Repeat, please, exactly the lines from the one that has "Bandażowa czarna sukienka mini rozmiar XS" through the end of the records below, with pictures dropped.

#### The input:
|---|

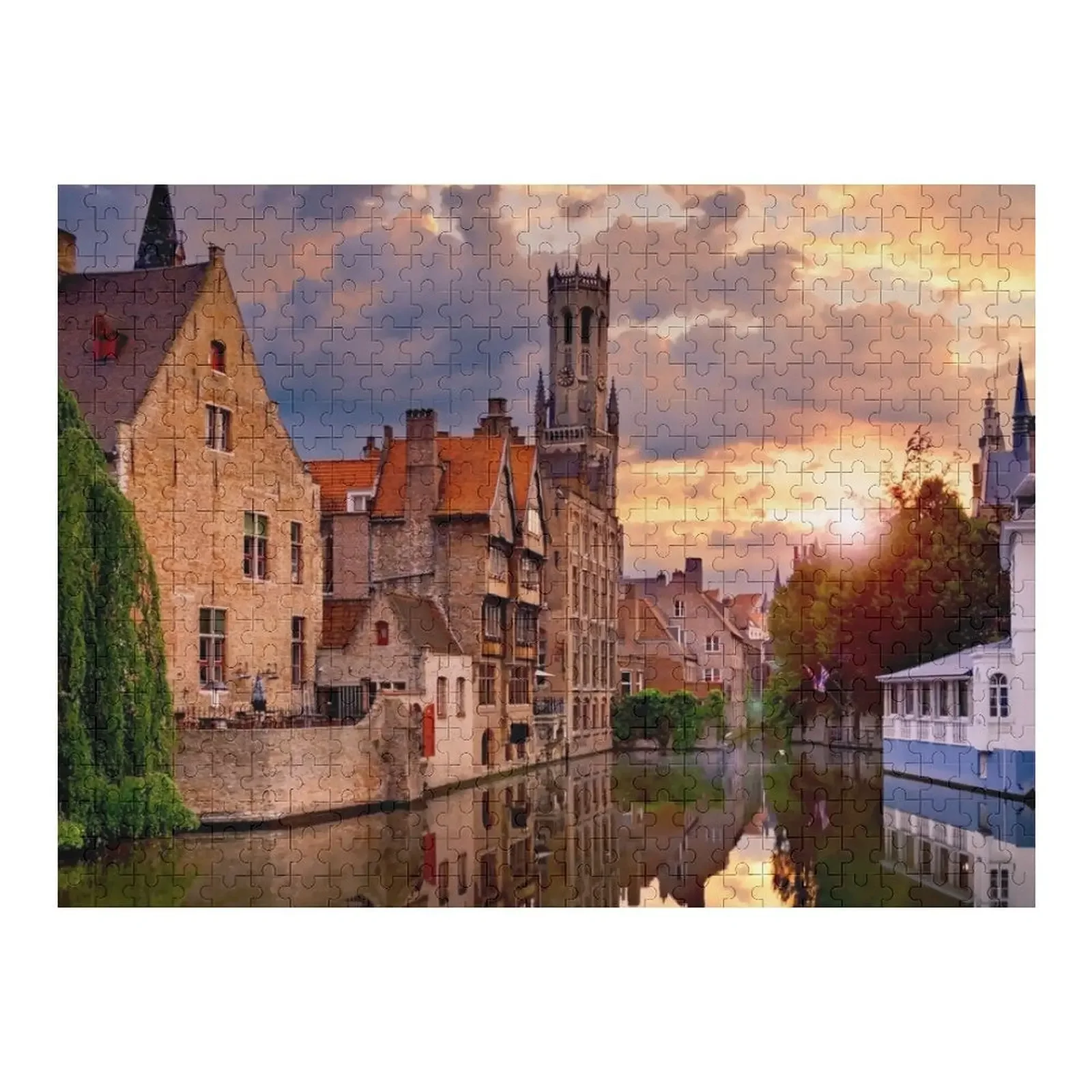 Bruges in Belgium, one of the most beautiful cities in Europe Jigsaw Puzzle Personalized Kids Gifts Custom Photo Puzzle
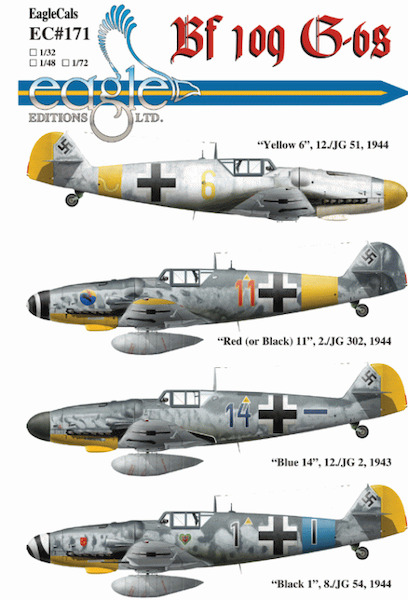 Messerschmitt BF109G-6's  EC-32-171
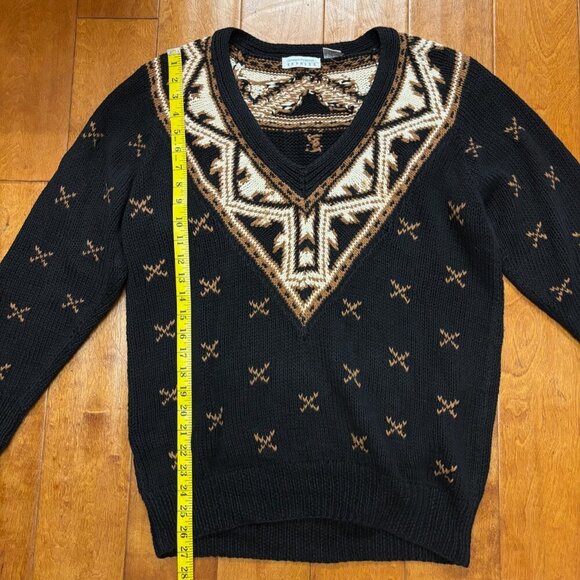 Vintage Campagnie Internationale Express Fair Isle Sweater Women Sz Medium Ramie - Picture 13 of 15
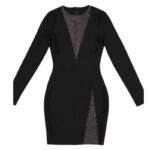 Bandażowa czarna sukienka mini rozmiar XS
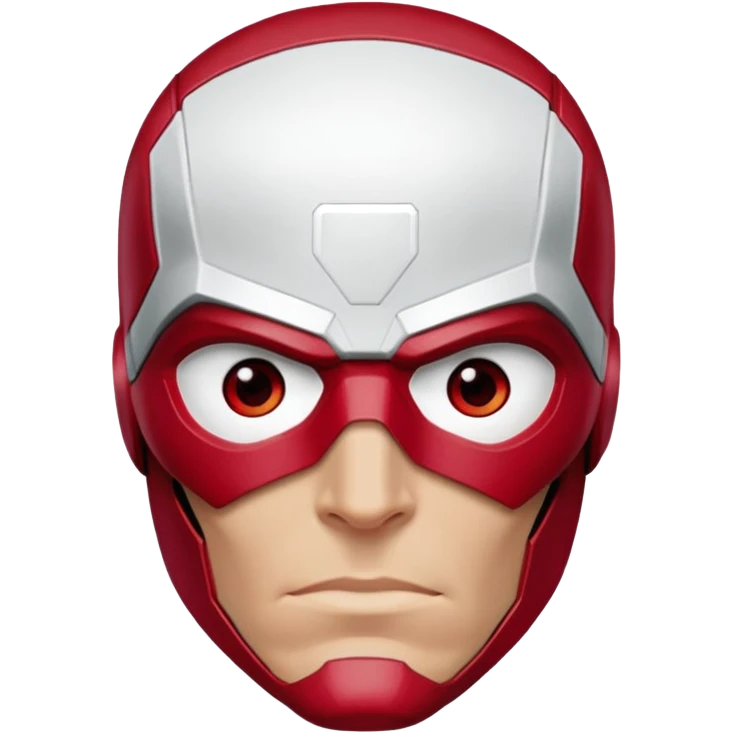 vision marvel red face from captain america: civil war emoji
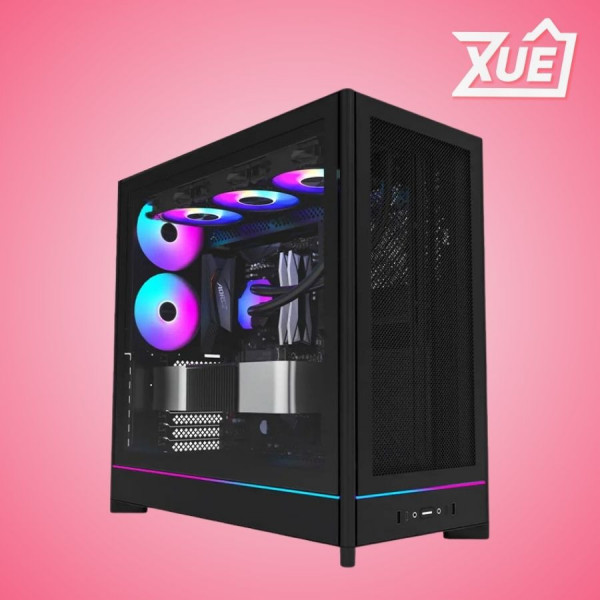 VỎ CASE MONTECH HS02 PRO BLACK (ATX, 5 FAN ARGB)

|---|

#### Exercise output:
 Bandażowa czarna sukienka mini rozmiar XS
 vision marvel red face from captain america: civil war emoji
 VỎ CASE MONTECH HS02 PRO BLACK (ATX, 5 FAN ARGB)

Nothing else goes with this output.